Thanks, ​@joe.kington, including for the recommendation that the Tanager data can be read in QGIS. I would like to communicate an observation from my colleagues from NASA ARSET, from their various user feedback surveys - GIS users generally want data in GeoTIFF format, and not in HDF or NetCDF.  I realize that you want to keep the fidelity of the data hence you have the data in said formats.

That said, not having the data automatically available in GIS format (i.e., GeoTIFF) unfortunately makes users jump through additional hoops, and there are users who will just forego jumping through the hoops and will just avoid using HDF / NetCDF data altogether. That is, it’s good to meet users where they are, figuratively speaking. With the PlanetScope data, Planet readily provides the data in GeoTIFF format, so one would think that it wouldn’t be such a heavy lift to provide the Tanager open STAC data in GeoTIFF format.

I’m just sharing a user perspective. And on behalf of the user community, I’d also like to say that we really appreciate that Planet has been releasing Tanager data through the open STAC.


Forum|alt.badge.img+3
  • Planeteer 🌎
  • May 29, 2026

@Emil Cherrington - The issue is that GIS software won’t be able to use any geolocation information if the data is in geotiff form. Geotiff would actually be _less_ usable for desktop GIS users. This is not raster data in the conventional sense.  HDFEOS is a format designed by NASA, just for clarity. It’s not anything Tanager-specific, and was chosen partly for compatibility with NASA’s datasets.

Most hyperspectral data and Tanager data specifically uses geolocation arrays as the primary model for providing spatial information. That means it’s not raster data in the traditional sense (i.e. the pixels are not regularly sampled in ground/map space).  I’m not aware of any GIS software that will support geolocation arrays in external files. ArcGIS and QGIS certainly don't. Gdal can via custom transformer options + a VRT, but it’s tricky to set up (and QGIS using that VRT wouldn’t display things correctly without the transformer options, which you can’t supply in QGIS).  Newer QGIS versions at least support using basic HDFEOS products correctly, while nothing would support using the equivalent data in geotiff form.
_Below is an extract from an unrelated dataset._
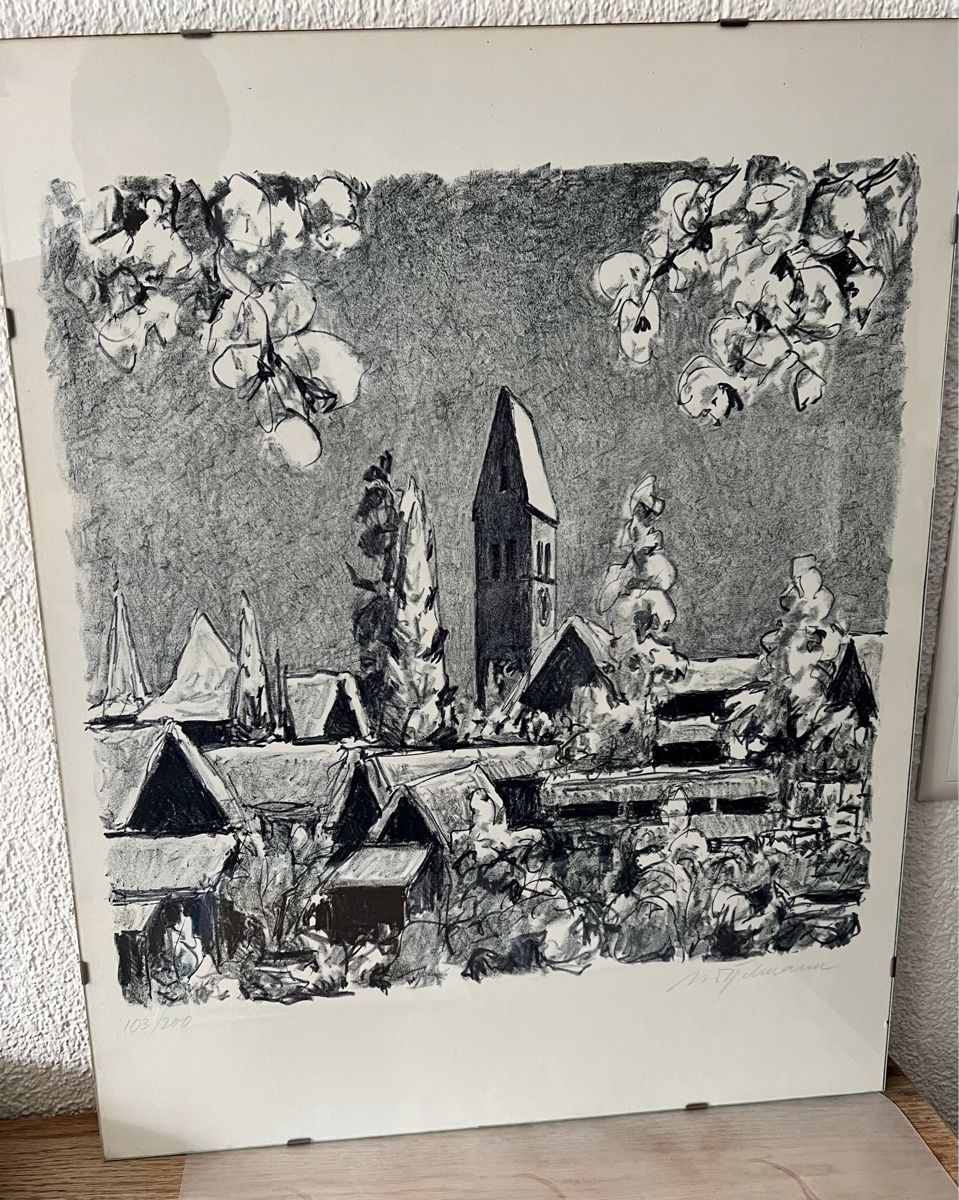Grafica & Litografie: Bild Unterseen Diggelmann – Usato da Sevelen venduto da Ritiplampi 2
In addition, each HDFEOS file is up to 17 different datasets that would be their own geotiffs, and you’d need to download many of those to use any one of them. Geotiff would be awkward for that reason, as well as not having any usable location information.

It’s true the ortho products could be represented as geotiffs, but those cannot reasonably be used for analysis.  They’ve been resampled using nearest neighbor and the pixel extent no longer correctly corresponds to the area that the spectra came from.  For hyperspectral data, it’s vital to use data in its basic form (i.e. not raster data at all) and not ortho products when doing analysis. 

I’d urge caution around trying to do anything other than visualization with these datasets in geotiff form.